### [SUPPLIED INFORMATION]
• • • • •

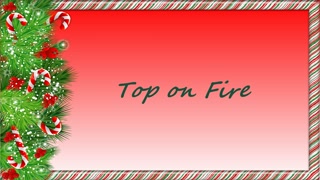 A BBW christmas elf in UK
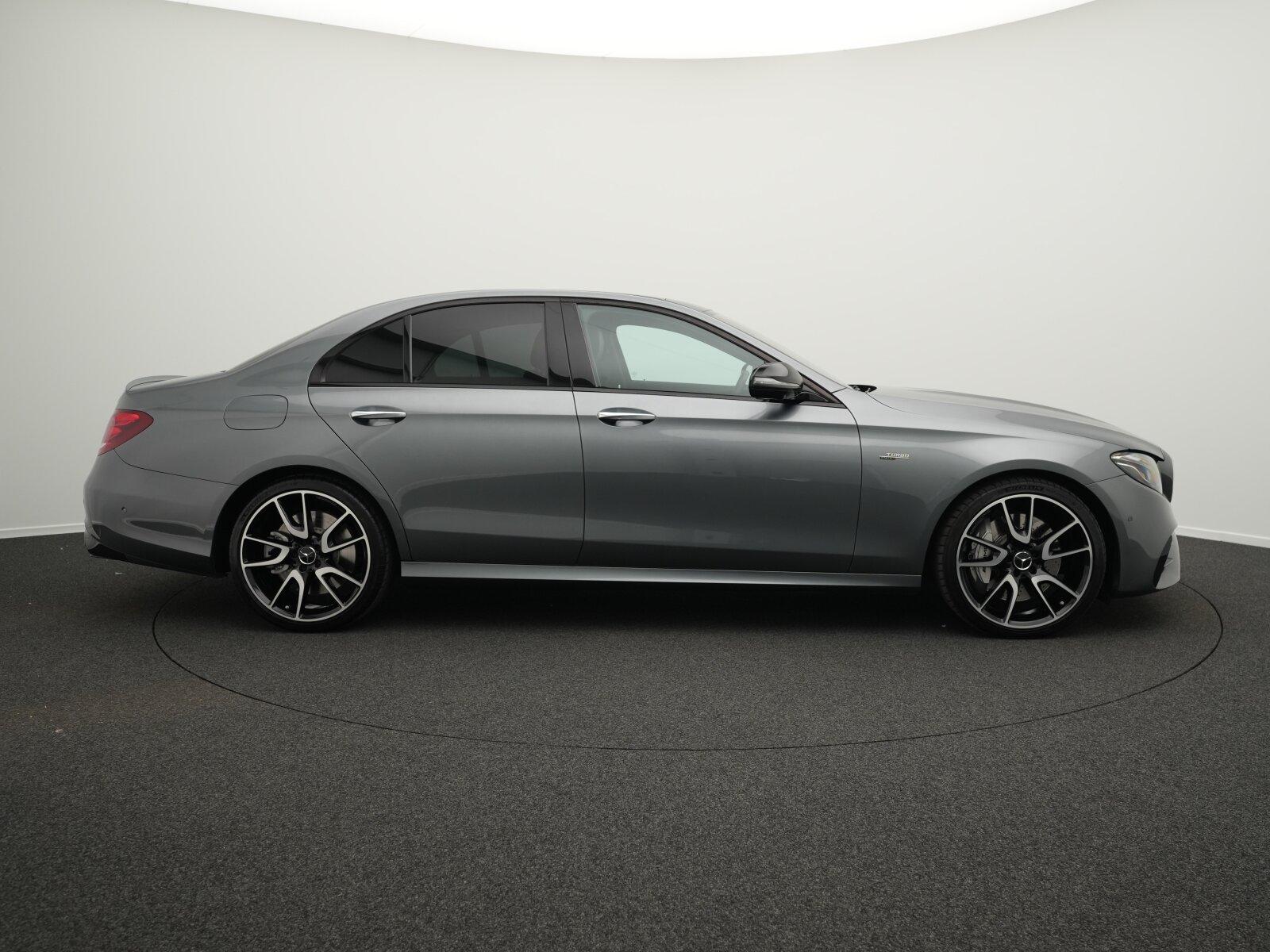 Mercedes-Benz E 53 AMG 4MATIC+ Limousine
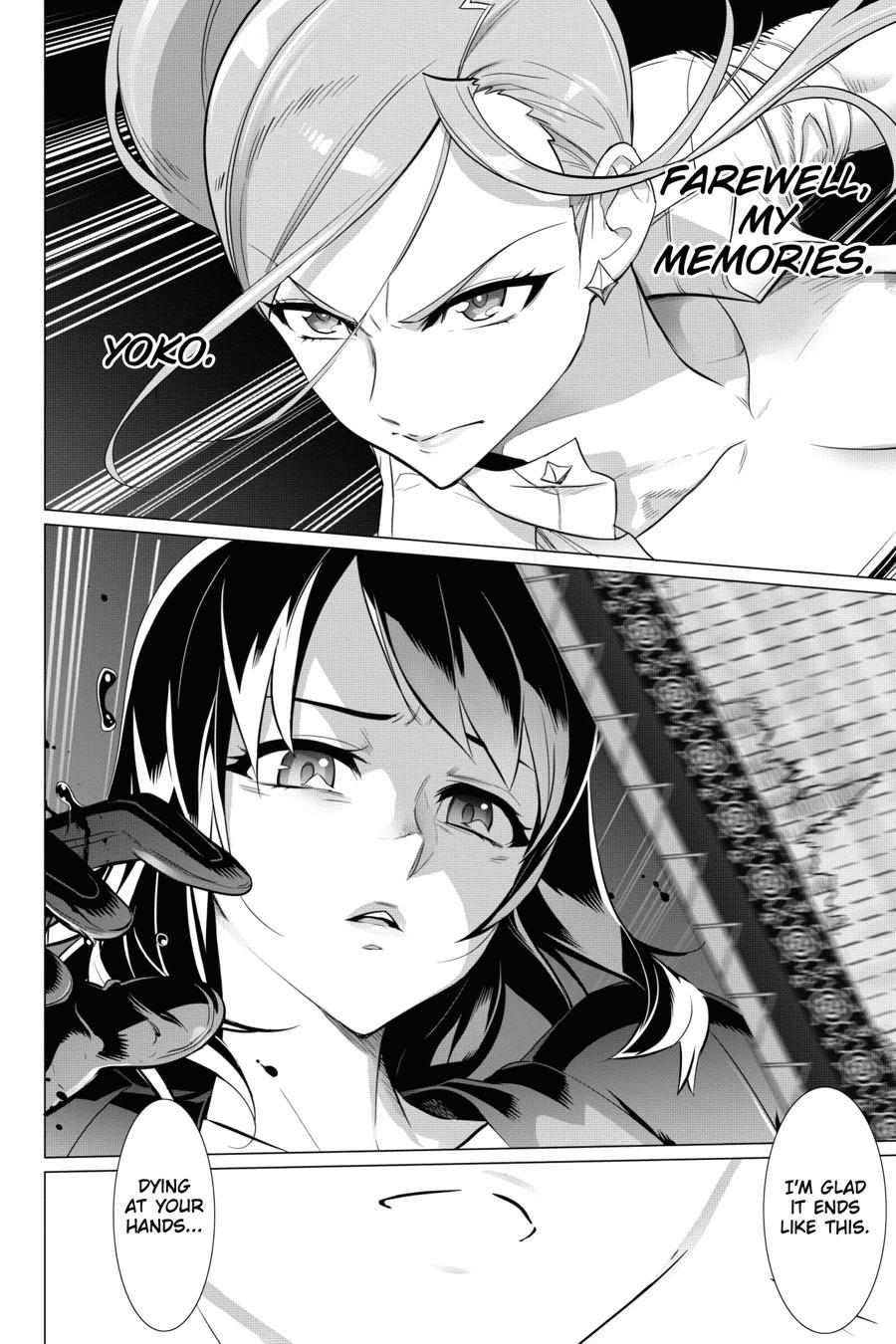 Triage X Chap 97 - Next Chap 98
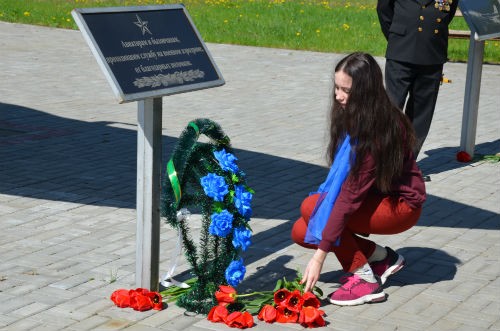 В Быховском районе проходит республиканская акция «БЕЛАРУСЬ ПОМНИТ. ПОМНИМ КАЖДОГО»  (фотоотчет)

• • • • •

### [TASK STATEMENT]
All the material above should be written out exactly, with images omitted.

### [EXERCISE ANSWER]
 A BBW christmas elf in UK
 Mercedes-Benz E 53 AMG 4MATIC+ Limousine
 Triage X Chap 97 - Next Chap 98
 В Быховском районе проходит республиканская акция «БЕЛАРУСЬ ПОМНИТ. ПОМНИМ КАЖДОГО»  (фотоотчет)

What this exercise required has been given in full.